Short text fragments from websites:
:::
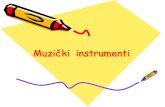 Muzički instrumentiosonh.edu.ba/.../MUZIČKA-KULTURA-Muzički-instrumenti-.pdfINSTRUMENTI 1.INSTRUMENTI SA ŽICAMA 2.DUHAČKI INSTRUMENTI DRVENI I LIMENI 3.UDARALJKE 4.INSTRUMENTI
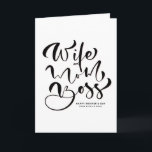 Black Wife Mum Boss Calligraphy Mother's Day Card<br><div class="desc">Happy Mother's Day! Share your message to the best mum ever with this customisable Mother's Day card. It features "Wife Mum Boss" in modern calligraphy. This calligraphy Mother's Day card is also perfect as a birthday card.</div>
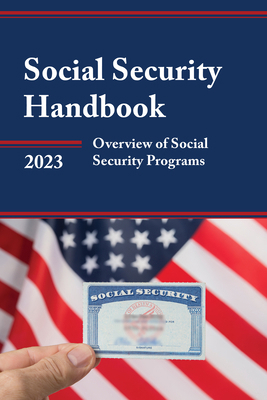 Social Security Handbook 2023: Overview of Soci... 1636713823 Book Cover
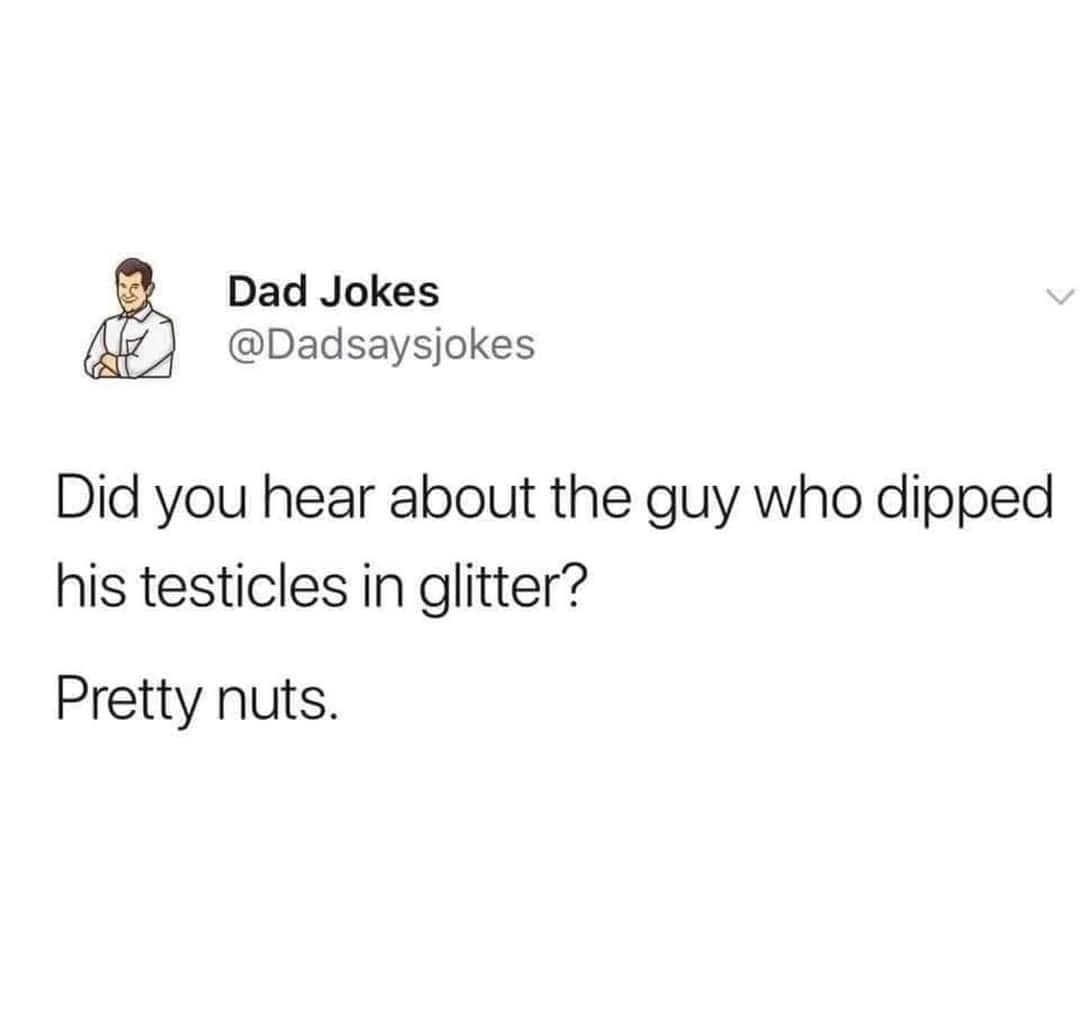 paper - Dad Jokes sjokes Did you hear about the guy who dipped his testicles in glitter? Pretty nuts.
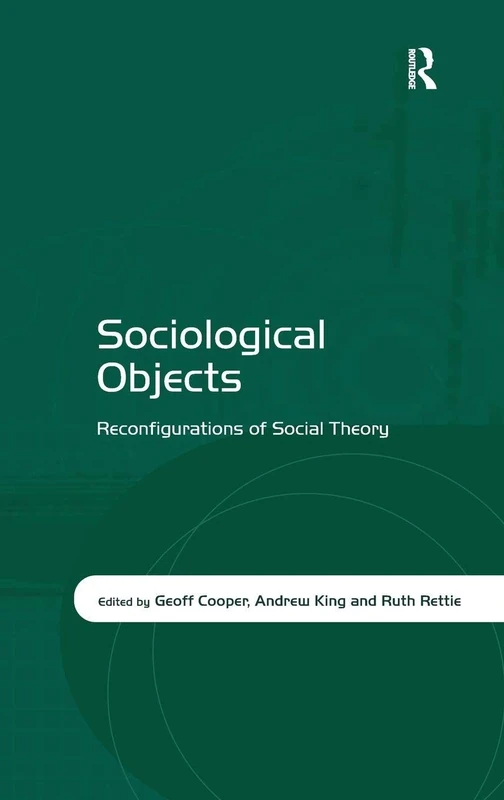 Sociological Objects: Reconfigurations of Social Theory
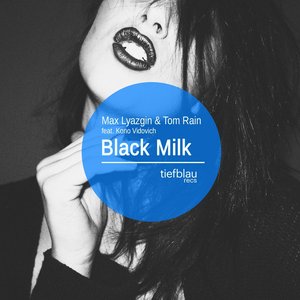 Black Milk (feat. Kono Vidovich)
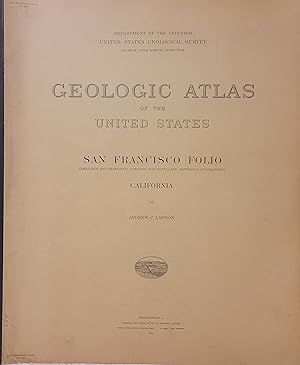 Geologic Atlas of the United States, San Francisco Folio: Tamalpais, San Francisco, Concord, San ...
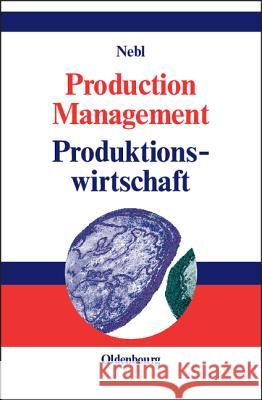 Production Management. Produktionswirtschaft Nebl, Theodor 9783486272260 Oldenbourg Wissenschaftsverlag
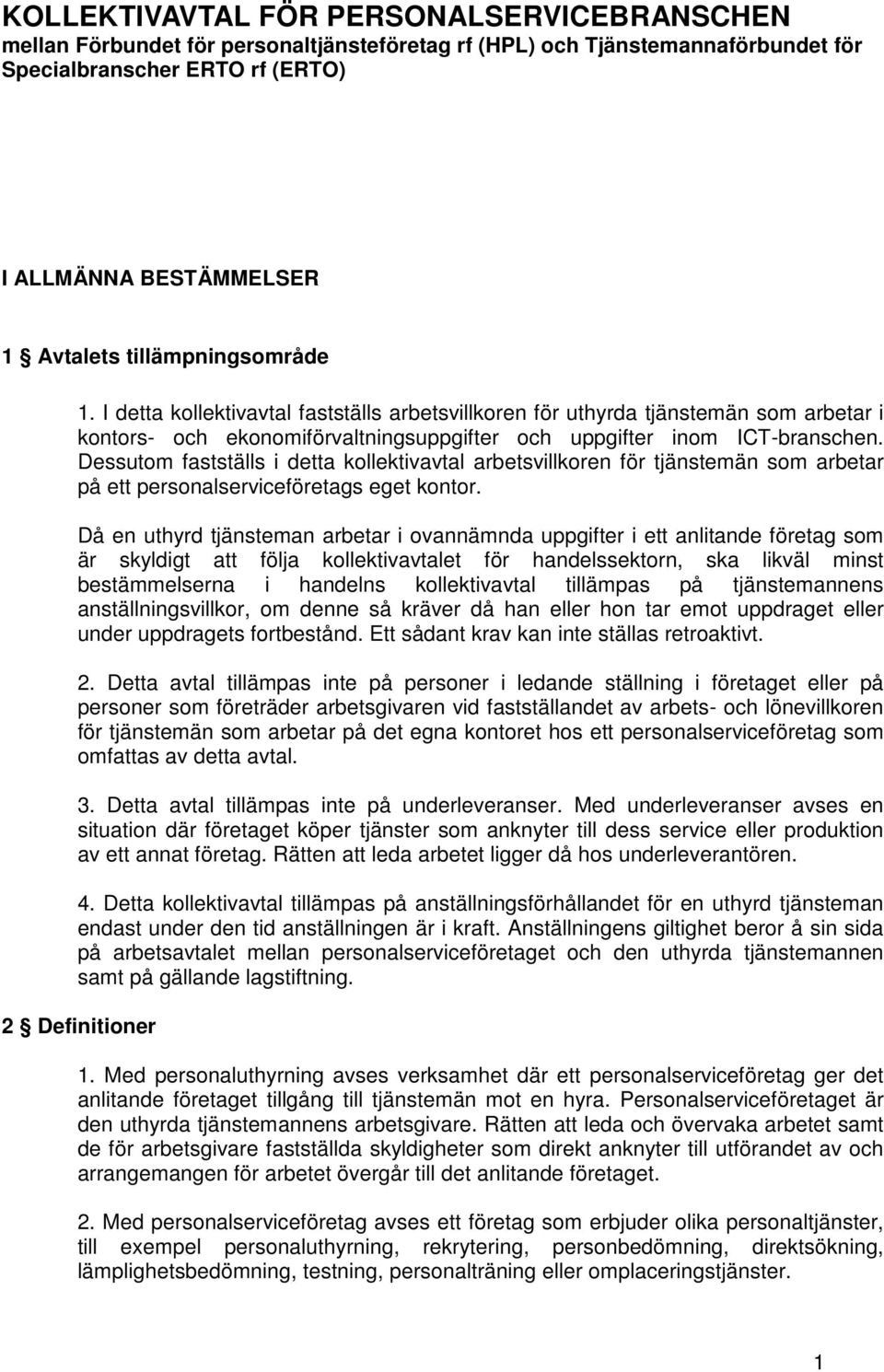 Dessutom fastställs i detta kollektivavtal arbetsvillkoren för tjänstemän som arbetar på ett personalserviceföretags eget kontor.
:::
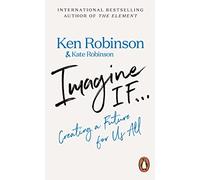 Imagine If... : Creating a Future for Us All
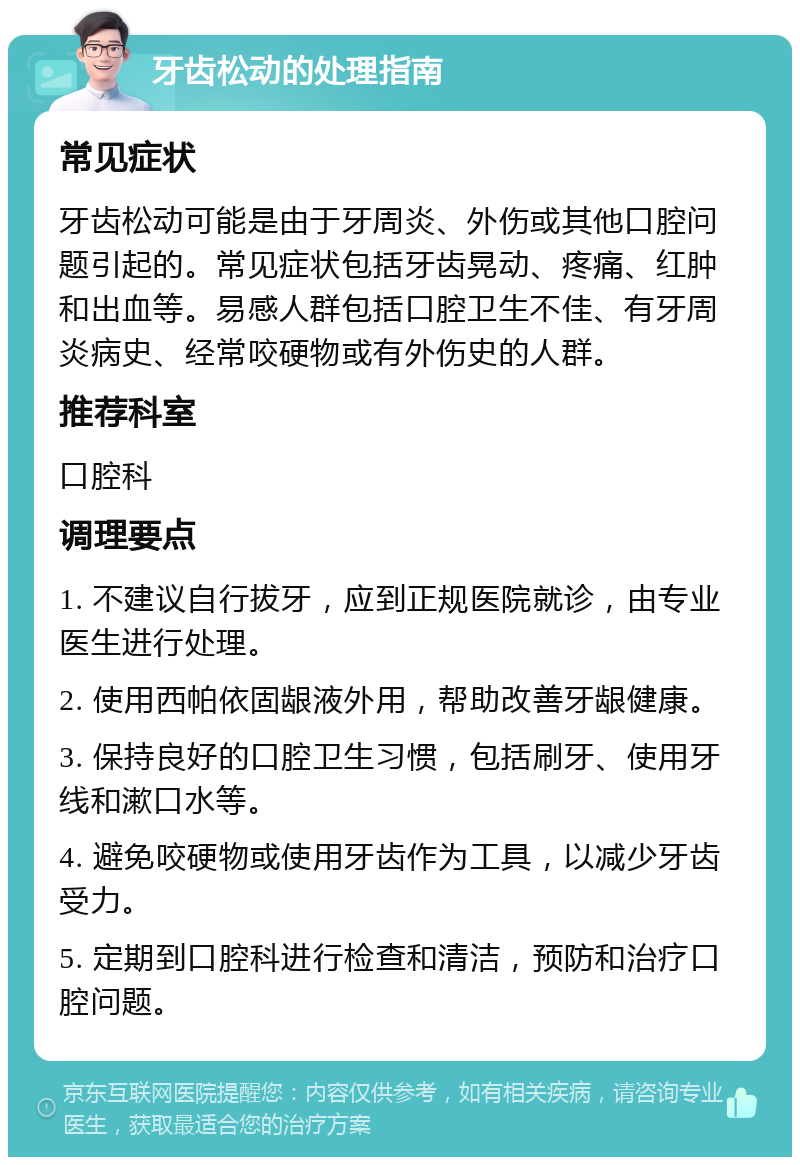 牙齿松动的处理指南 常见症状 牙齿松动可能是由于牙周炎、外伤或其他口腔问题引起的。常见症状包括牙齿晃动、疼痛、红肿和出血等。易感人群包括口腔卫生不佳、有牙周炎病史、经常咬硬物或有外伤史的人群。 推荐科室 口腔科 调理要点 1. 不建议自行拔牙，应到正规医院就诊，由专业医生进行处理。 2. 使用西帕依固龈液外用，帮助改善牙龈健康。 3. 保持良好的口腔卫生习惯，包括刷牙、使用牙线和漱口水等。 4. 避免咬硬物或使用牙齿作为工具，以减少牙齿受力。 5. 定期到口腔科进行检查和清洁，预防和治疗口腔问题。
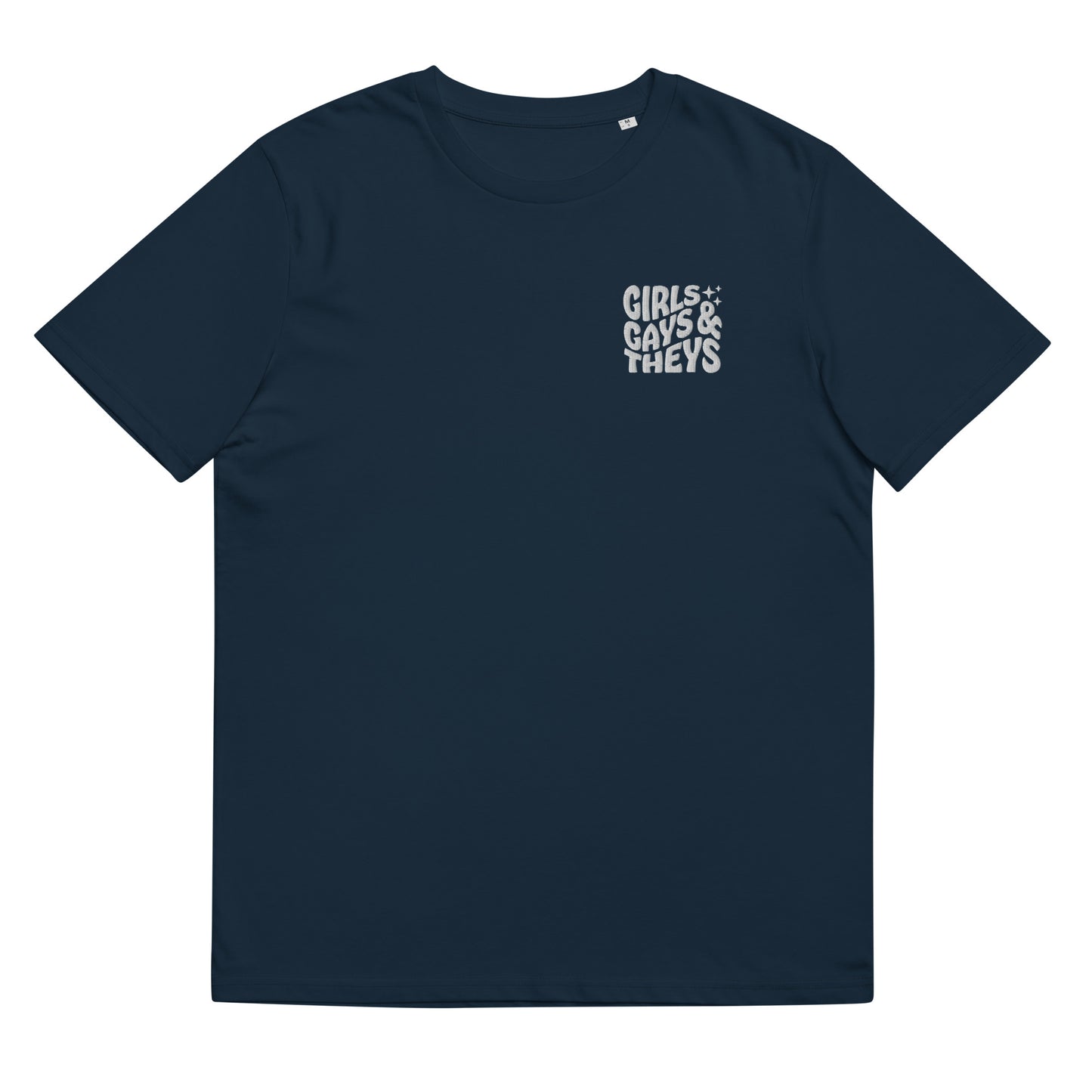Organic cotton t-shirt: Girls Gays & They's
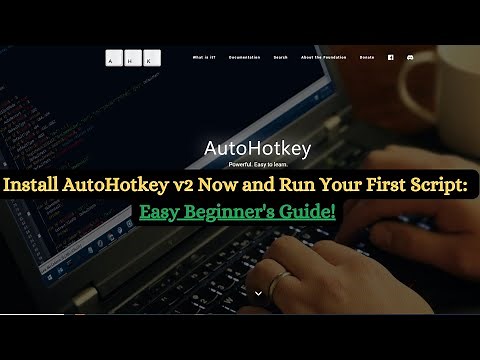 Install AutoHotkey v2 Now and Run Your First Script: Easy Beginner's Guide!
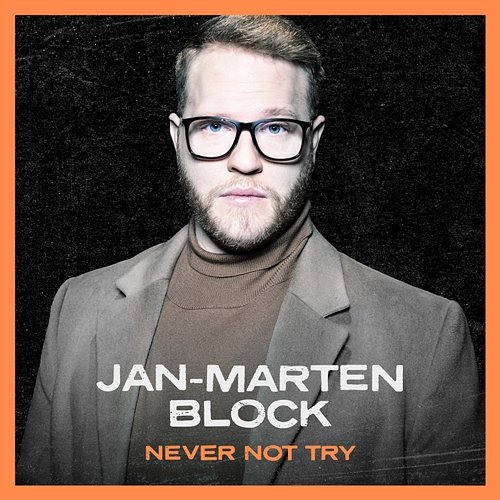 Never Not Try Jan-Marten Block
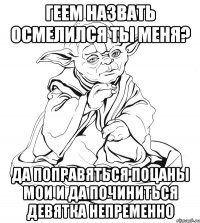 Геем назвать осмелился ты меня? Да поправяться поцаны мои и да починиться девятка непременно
:::
**Requirement:**
Look above for the line containing "Production Management. Produktionswirtschaft", then copy exactly from it through the line containing "Dessutom fastställs i", keeping both and leaving out pictures. Add nothing else.

**Expected answer:**
 Production Management. Produktionswirtschaft Nebl, Theodor 9783486272260 Oldenbourg Wissenschaftsverlag
 Dessutom fastställs i detta kollektivavtal arbetsvillkoren för tjänstemän som arbetar på ett personalserviceföretags eget kontor.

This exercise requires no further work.